(EXCERPTED RECORDS Opens)

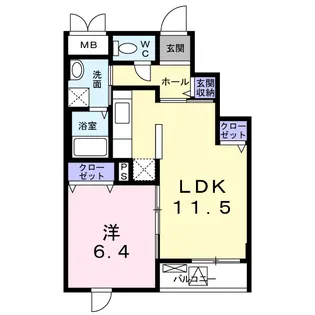 リュミエール【3階】の間取り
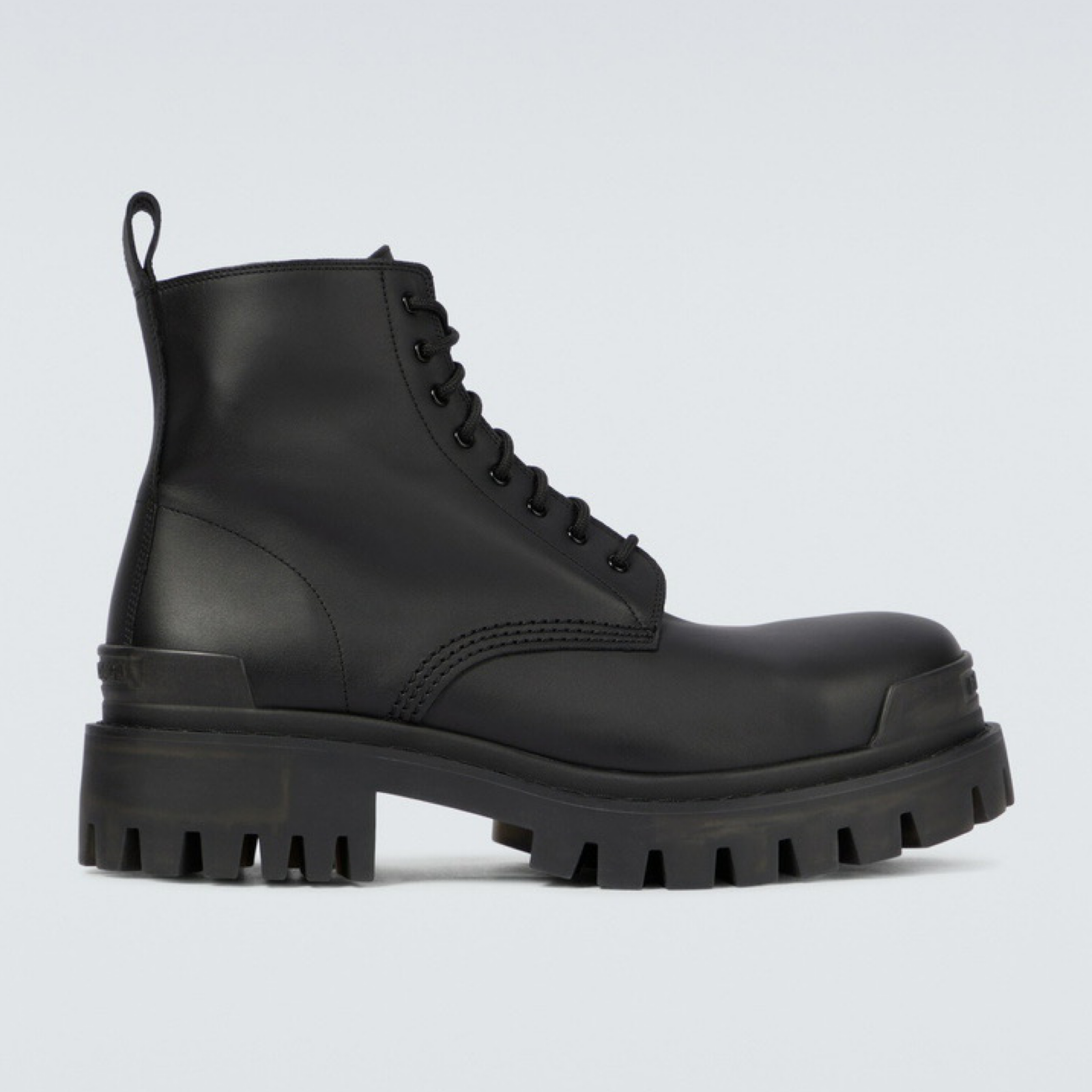 Balenciaga Strike Bos Taurus Men Boots Medial View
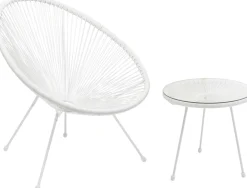 Sale KARE Design Fotel Acapulco 73x85 cm biały - KARE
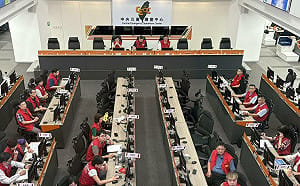 紅霞颱風發布海警  中央應變中心嚴密監控萬里溪堰塞湖溢流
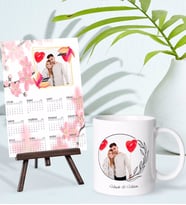 BK Gift Kişiye Özel Fotoğraflı Kupa Bardak ve 13x18cm Fotoğraf Kartlı Şövaleli 2024 Takvim Hediye Seti-25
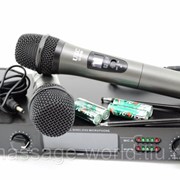Радиосистема UKC UHF U-4000 2 беспроводных микрофона (sp_2906) фото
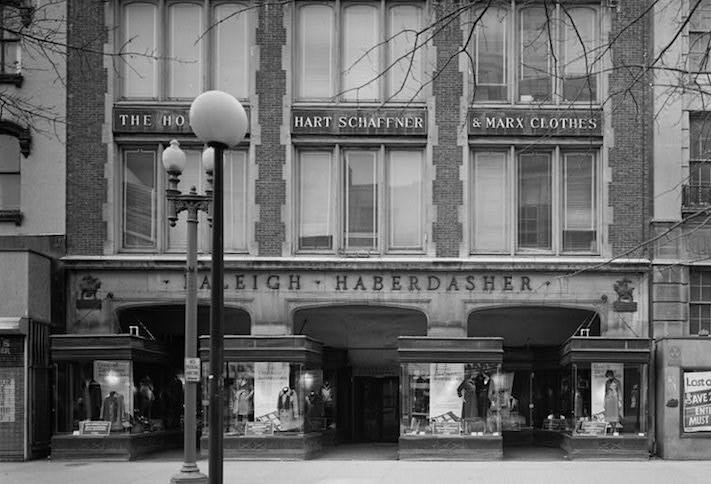 The Raleigh Haberdasher store at 1310 F St. NW, which operated from 1923 to 1971 The Raleigh Haberdasher store at 1310 F St. NW, which operated from 1923 to 1971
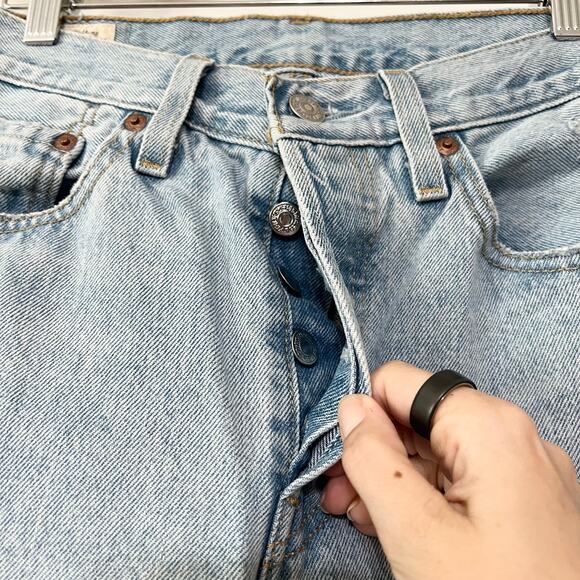 Levi's 501 90s Jeans Light Wash | W26, L30 - Picture 5 of 8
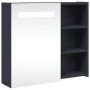 Mueble de baño con espejo y luz LED gris 60x13x52 cm de , Tocadores de baño - Ref: Foro24-357970, Precio: 91,22 €, Descuento: %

(EXCERPTED RECORDS Closes)

Although the entries contain pictures, copy everything else in them exactly.

 リュミエール【3階】の間取り
 Balenciaga Strike Bos Taurus Men Boots Medial View
 Sale KARE Design Fotel Acapulco 73x85 cm biały - KARE
 紅霞颱風發布海警  中央應變中心嚴密監控萬里溪堰塞湖溢流
 BK Gift Kişiye Özel Fotoğraflı Kupa Bardak ve 13x18cm Fotoğraf Kartlı Şövaleli 2024 Takvim Hediye Seti-25
Радиосистема UKC UHF U-4000 2 беспроводных микрофона (sp_2906) фото
 The Raleigh Haberdasher store at 1310 F St. NW, which operated from 1923 to 1971 The Raleigh Haberdasher store at 1310 F St. NW, which operated from 1923 to 1971
 Levi's 501 90s Jeans Light Wash | W26, L30 - Picture 5 of 8
 Mueble de baño con espejo y luz LED gris 60x13x52 cm de , Tocadores de baño - Ref: Foro24-357970, Precio: 91,22 €, Descuento: %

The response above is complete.